Network architects and security engineers are challenged to ensure their networks always operate with integrity and are properly protected. They are looking to be proactive in their approach to network security by taking all of the information gleaned from leading network performance and analytics solutions, matching it against policy and then in real-time, updating traffic flow and network configuration (yes, I have to say leveraging AI……and drop that buzz word!). Right now, a lot of this relies on a variety of monolithic appliances, usually on-premise and usually reactive, and more often than not, having issue with scaling, flow precision and automation. This is today’s less-than-ideal network security situation.
The big shift, and opportunity for Corsa, is to leverage NFV, the cloud and the emerging best of breed SaaS approach to make network security really work as IoT, 5G, virtualization and micro-segmentation become common.
Instead of trying to force everything into monolithic platforms, disaggregate network security. Now you can garner the benefits of a performant yet minimal flow-based hardware appliance that excels at traffic export for data acquisition and network statistics as well as traffic enforcement for precision traffic filtering to maintain integrity of the network. All the while putting the analytics, policy and smarts into the cloud (where they should be) to form an adaptive response architecture.
We call the performant, flow-based appliance a Network Security Control Point and it follows the SDN evolution seen in data centers and networking, an architecture of separating data plane (for security, it’s data export and filtering for enforcement) from control plane (cloud analytics).
With the explosion of network traffic combined with the escalation of cyber security attacks, the Control Point must exhibit the right performance and scale behavior. It must be able to operate with any cloud-based tools, whatever you choose. It must be a simple, universal way to collect data, and then connect the cloud analytics (I know what is happening) to the action (this is what I want to do with it).
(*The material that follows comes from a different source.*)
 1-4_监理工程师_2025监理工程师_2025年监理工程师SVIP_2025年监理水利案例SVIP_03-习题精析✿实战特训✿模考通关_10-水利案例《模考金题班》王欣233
Currently, there is a gap. Where the analytics are incredibly powerful and readily available, collection and action at control points are not. To put it in Gartner’s terms, where they define the 3 key stages of a threat intelligence strategy to be acquire, aggregate, and action, it’s precisely the acquisition and action stages that are missing.
Corsa Red Armor, built on patented Corsa Traffic Engine (CTE) technology, is an answer to both and is the universal control point that closes the network security gap to produce automated (adaptive) response. Corsa’s NSE7000 can act as both the acquisition point and the action point without performance or scale limitations.
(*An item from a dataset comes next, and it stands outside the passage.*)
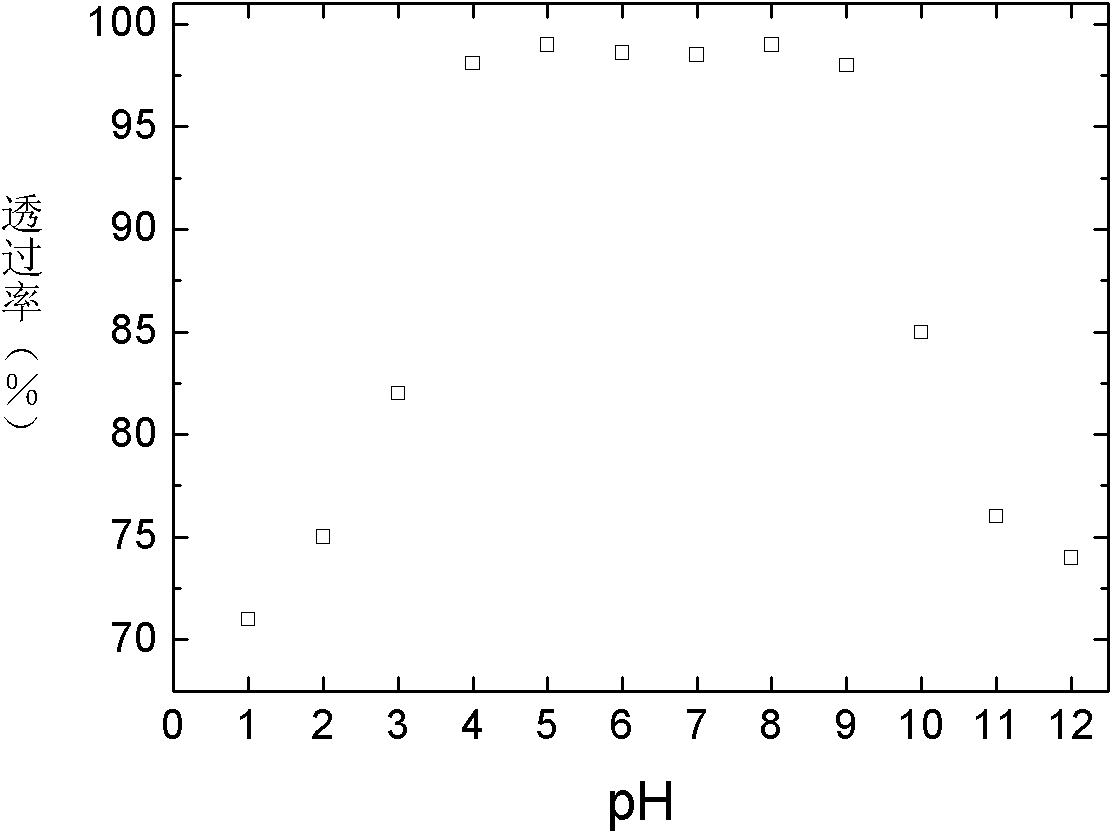 Preparation method of grafting amphoteric chitosan flocculant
This philosophy of disaggregated control points then becomes the underlying enabler of real security automation (true machine learning).
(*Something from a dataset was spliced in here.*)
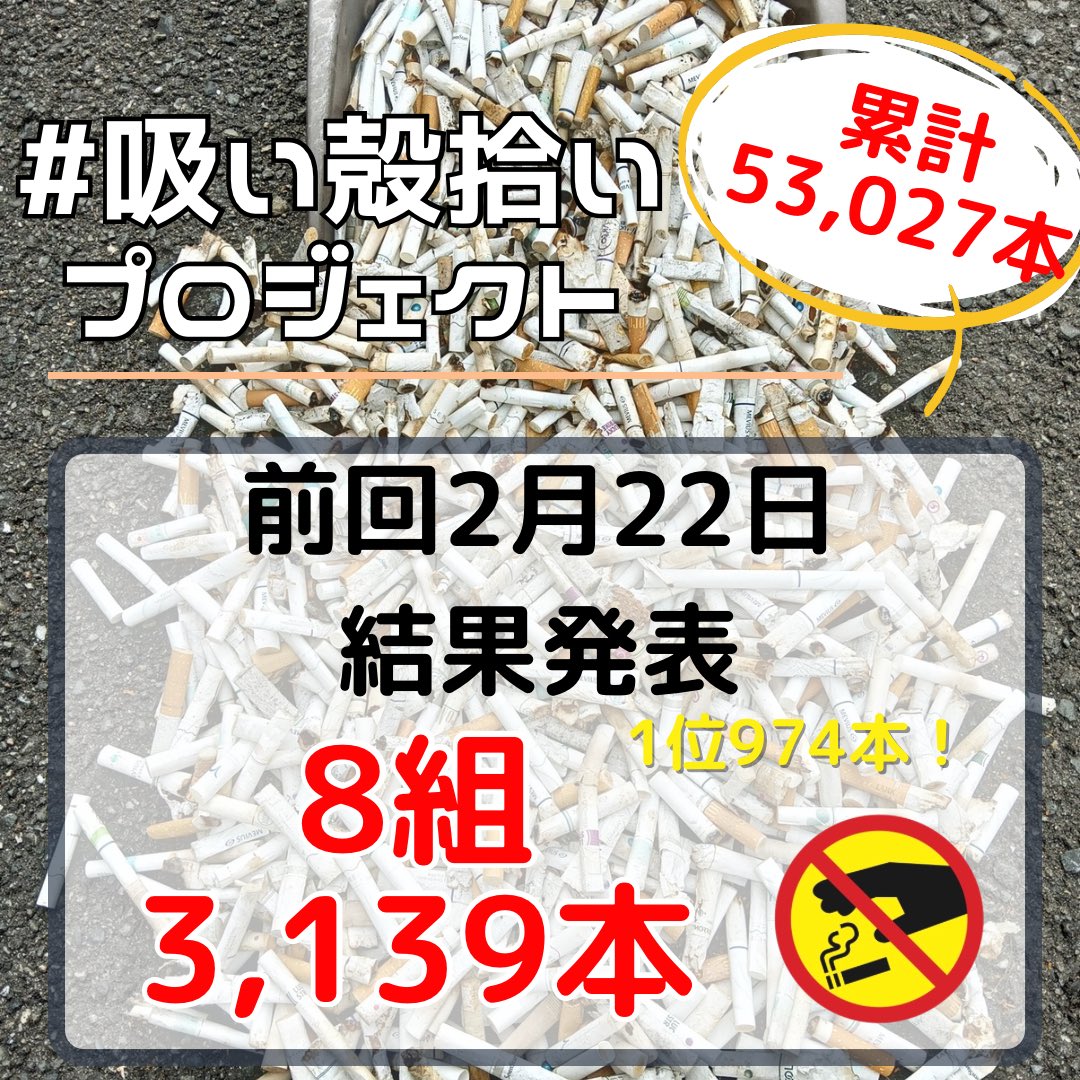 gomisuku's tweet photo. 毎月22日は…
吸い殻拾いプロジェクト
With a disaggregated flow-forwarding engine designed for internet-scale, control points can be created anywhere in the network to augment current architectures and equipment. The control point can not only serve data to any cloud-based analytics and orchestration software, for any use case, but also receive instruction for precision flow-based enforcement.
Red Armor NSE7000 is a family of transparent, in-line L3/L4 network security devices. With full line-rate performance, and ultra-precise, NSE lets you control any packet with any operator-defined rule and a wide choice of actions: accept, drop, rate-limit, copy, redirect, GigaFilterTM and MegafilterTM ACLs and more. The ability to program hundreds of thousands of different rules, with REST or full BGP FlowSpec support, and have the network respond at a per flow level gives control back to the network architects and security engineers who can now define policy, flag anomalies through rigorous analytics and automatically shut down bad flows at any scale and at any point in the network.
In the easiest possible way, you can create a dynamic network control point by placing the NSE in-line wherever you need it.
So, if you need to create a scalable security perimeter, add the NSE7000 as an enforcement point. Want to scale your firewall? Then redirect traffic to virtual firewall instances that dynamically expand and contract your gateway protections. Or perhaps you are leading the incident response team and need to buy time for further investigation, then use the control point to rate-limit certain traffic to maintain network integrity while you dig deeper. If you are a managed DDoS service and you want to clear out DDoS traffic, then control traffic flow based on whatever filters you need at the time and rapidly adjust them to some new customized filter based on your intimate and proprietary knowledge of good traffic vs attack traffic. For traffic entering a network, Threat Intelligence Gateways can become vastly more effective with the extra functionality of a control point architecture.
A network security gap closed with Corsa control points placed anywhere in your network takes your network integrity to the next level and gets you out in front of the threat landscape. It allows best in breed, cloud-based analytics software to evolve within the context of AI to create a preventive approach to network security.